How to Implement Pandas Groupby operation with NumPy?

Pandas’ GroupBy function is the bread and butter for many data munging activities. Groupby enables one of the most widely used paradigm “Split-Apply-Combine”, for doing data analysis. Sometimes you will be working NumPy arrays and may still want to perform groupby operations on the array.

Just recently wrote a blogpost inspired by Jake’s post on groupby from scratch using sparse matrix. A few weeks ago got into a situation to implement groupby function with NumPy.
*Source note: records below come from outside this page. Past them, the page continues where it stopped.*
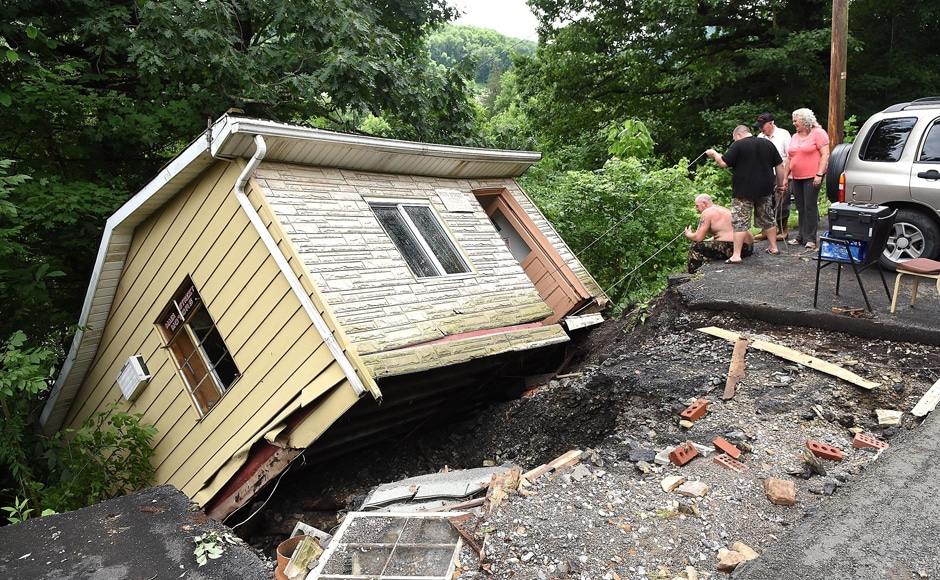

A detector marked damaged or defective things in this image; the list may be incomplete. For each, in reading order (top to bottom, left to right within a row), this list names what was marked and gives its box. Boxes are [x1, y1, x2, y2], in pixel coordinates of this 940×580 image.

broken brick [680, 398, 708, 422]
broken brick [668, 440, 696, 466]
broken brick [712, 438, 740, 460]
broken brick [712, 454, 748, 472]
broken brick [808, 440, 844, 462]
broken brick [852, 432, 888, 450]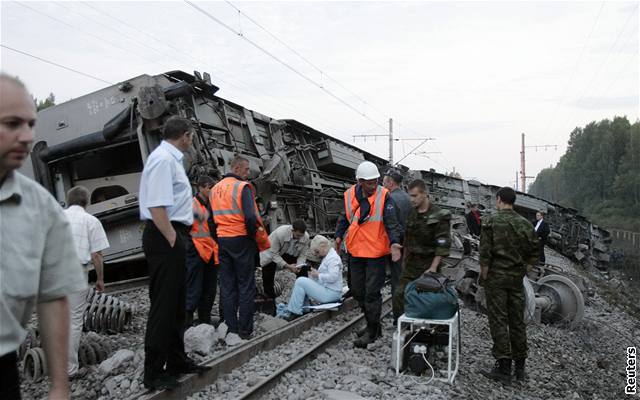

Here is one way to implement Pandas’ groupby operation using NumPy.

import pandas as pd
import numpy as np
import matplotlib.pyplot as plt

Let us use Pandas to load gapminder data as a dataframe

# link to gapminder data from Carpentries
data_url = 'http://bit.ly/2cLzoxH'
gapminder = pd.read_csv(data_url)
gapminder.head()

Let us say we want to compute mean life expectancy for each continent. Here, let us use Pandas’ groupby function to compute mean life expectancy for each continent. We can use chaining rule in Python to group the bigger dataframe into smaller continent specific dataframe and compute mean for each continent.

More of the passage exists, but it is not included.